Of course it would by a breaking change. There is no formal spec of the JSON dump beyond the spec for the individual entities, but we have always said that the dump is a set (an array) of entities. Putting something in there that is not an entity will break consumers.

Well I think that it should be a breaking change, but I read the stable interface policy as saying that it isn't. Well-behaved consumers are supposed to be tolerant of extra information. Adding a new item to the dump array is adding extra information. This extra information does not change the meaning of the existing information in any way.

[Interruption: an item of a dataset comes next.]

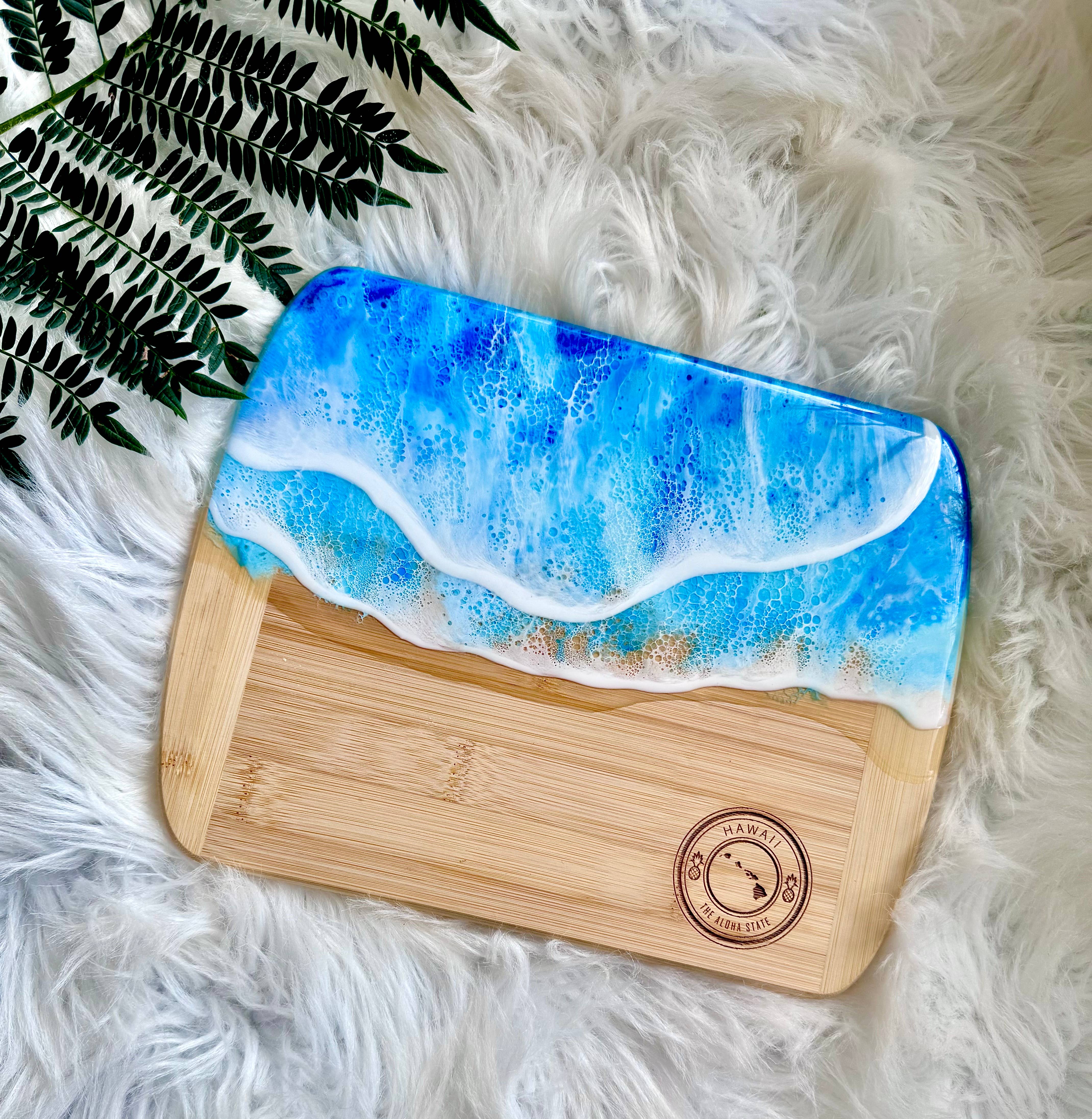 TBM Creations LLC - Wholesale Cheese Board - HAWAI'I Ocean Charcuterie board Maui made | Serving board2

I'm looking at https://www.wikidata.org/wiki/Special:EntityData/Q42.json structure, and I see it is:

{
  "entities": {
    "Q42": { ...stuff... }
  }
}

So, why can't we have:

{
  "entities": {
    "Q42": { ...stuff... }
  },
  "@metadata": {
     "version": "1.0",
     "phase-of-moon": "gibbous"
  }
}

etc.? I don't think well-behaved clients should mind? But even if they do, it shouldn't be hard for them to make one-time change to ignore @metadata if they don't want it? After all, we already have other items besides entities - e.g. in API response there's success.

The same can be done with wbgetentities, etc. APIs. For the dump it's a bit harder as we don't have any kind of encompassing structure beyond entity data... Maybe we should make it use entities property too like API format? It will be a breaking change but at least it breaks the stalemate and allows us to easily add more info later. It won't be also hard to distinguish between the formats, including by streaming readers - you actually need only the first character to know which one you're dealing with, and converting new one into old one or back should be rather easy.

@Smalyshev Oh right, I forgot that we do already output an envelope from Special:EntityData! That makes things easier.

For the dump, yea, we have the choice to break the format really hard, or associate a secondary file containing the meta-data.

Metadata file maybe would be fine too, then it should look the same as the API format without entities, I think, e.g. we'd have:

{
  "@metadata": {
     "version": "1.0",
     "phase-of-moon": "gibbous"
  }
}

That'd make parsing it easier, I think.

Well I think that it should be a breaking change, but I read the stable interface policy as saying that it isn't. Well-behaved consumers are supposed to be tolerant of extra information. Adding a new item to the dump array is adding extra information. This extra information does not change the meaning of the existing information in any way.

I would definitely treat it as a breaking change, but you are right that the policy isn't very clear about that. The reason I think it is breaking is that if we have a concept of "list of X", you can't add a Y to it (if Y is not an X) without breaking the format. Adding an incompatible Y to the list means that the list is no longer homogenous. In my mind, that changes the interpretation. But I'll add a note-to-self to clarify this point. Thanks!

Metadata file maybe would be fine too, then it should look the same as the API format without entities, I think:

agreed

Concerning the dumps, it should be possible to add versioning information on a per-entity basis, for instance by adding the revision id in the JSON serialization of the entity, as is currently done in Special:EntityData. This would arguably be more useful than a per-dump versioning, given that the dump generation process is not atomic. It would also be less of a breaking change: it would just amount to make JSON serialization of entities more uniform. This is debated in T87283.

This will likely get worked on, at least for Api output with the work on federation that should happen toward the end of this year.